**COLLECTED DATA:**
Content starts

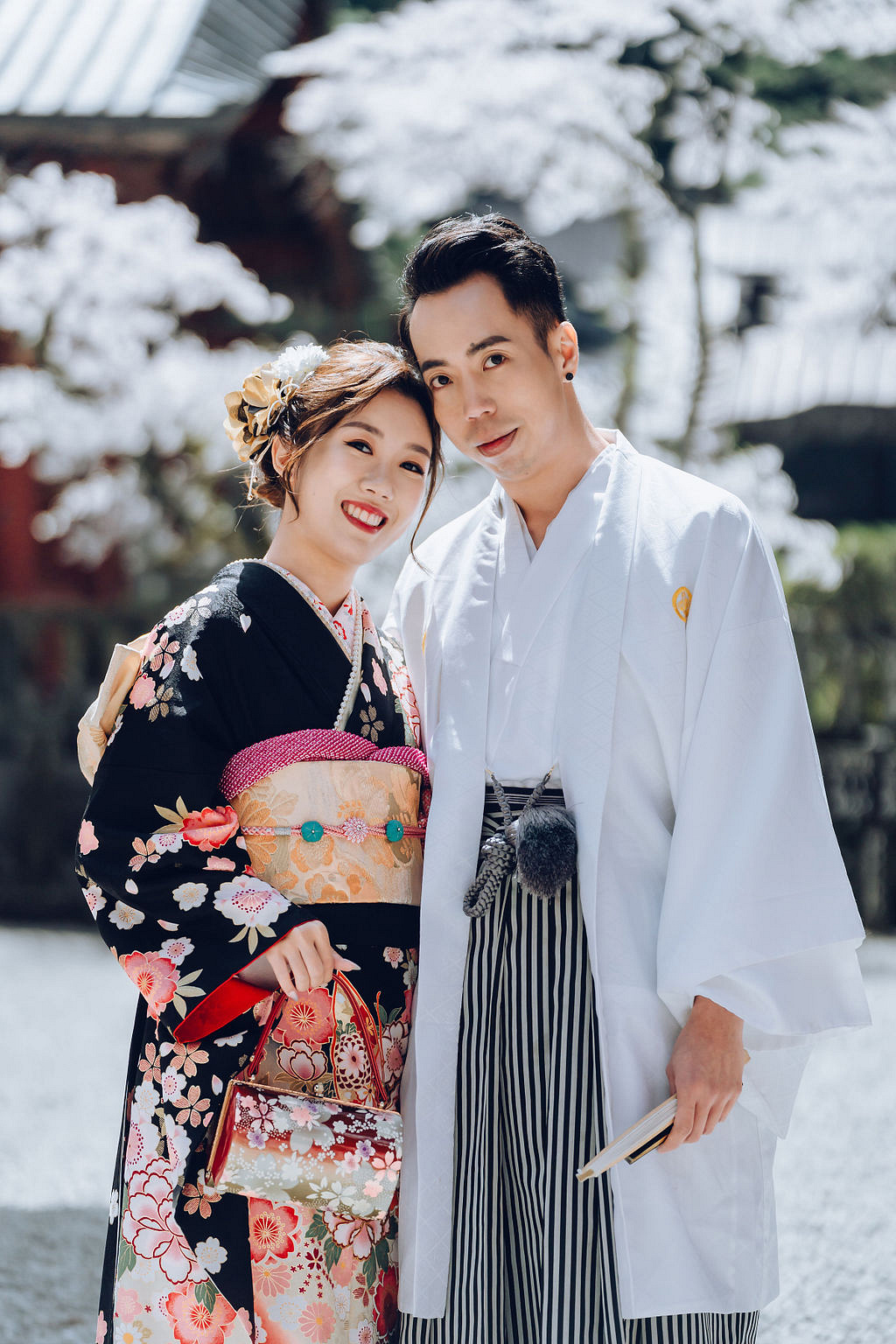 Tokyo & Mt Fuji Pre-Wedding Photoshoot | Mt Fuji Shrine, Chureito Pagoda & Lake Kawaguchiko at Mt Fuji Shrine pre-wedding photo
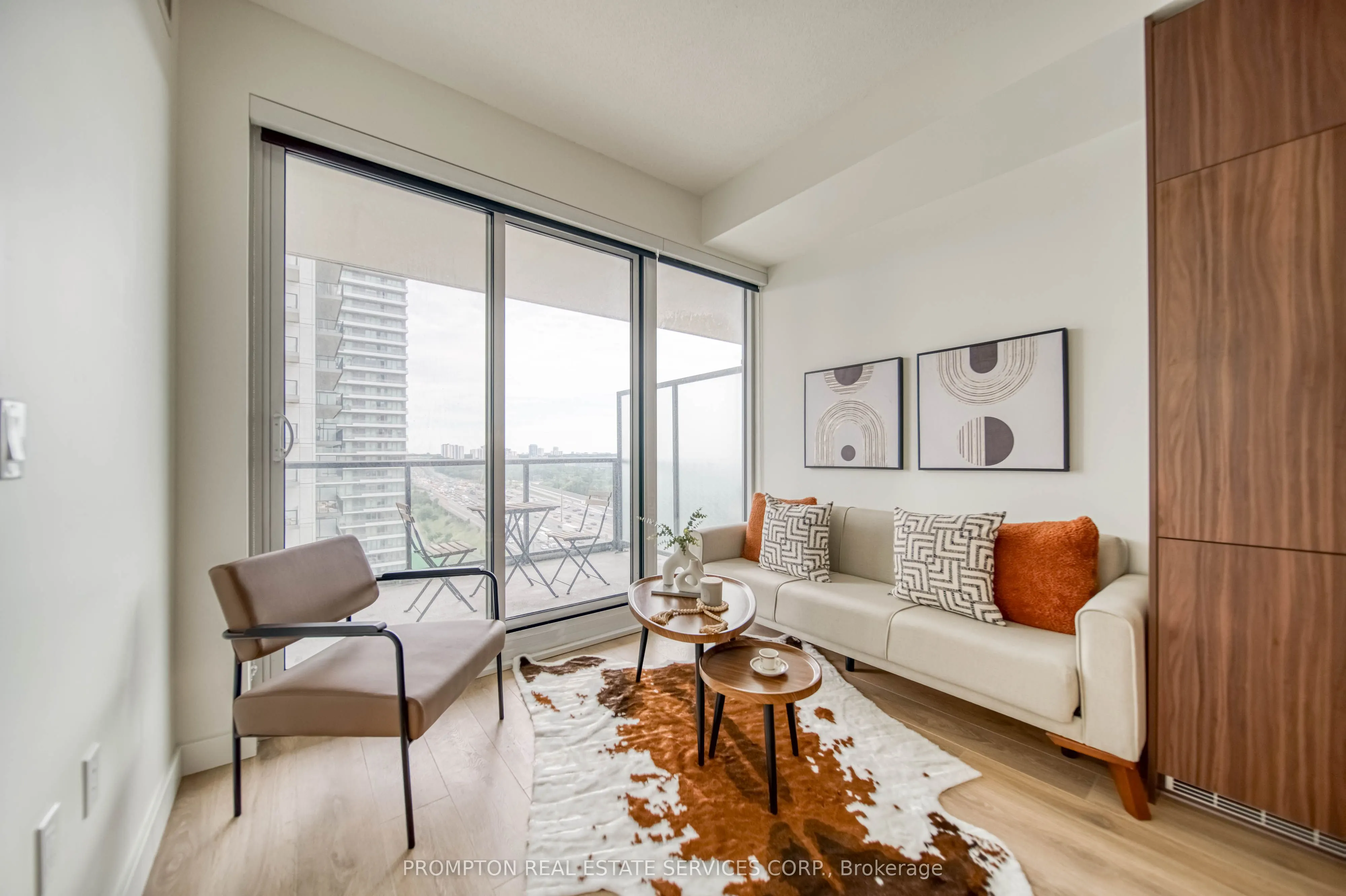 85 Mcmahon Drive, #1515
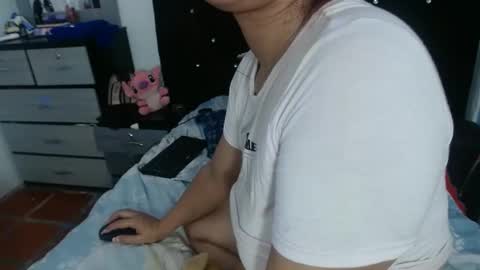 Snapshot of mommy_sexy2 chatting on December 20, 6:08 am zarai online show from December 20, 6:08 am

Content ends

Retype the listing exactly. Leave the pictures out.

**EXERCISE RESPONSE:**
 Tokyo & Mt Fuji Pre-Wedding Photoshoot | Mt Fuji Shrine, Chureito Pagoda & Lake Kawaguchiko at Mt Fuji Shrine pre-wedding photo
 85 Mcmahon Drive, #1515
 Snapshot of mommy_sexy2 chatting on December 20, 6:08 am zarai online show from December 20, 6:08 am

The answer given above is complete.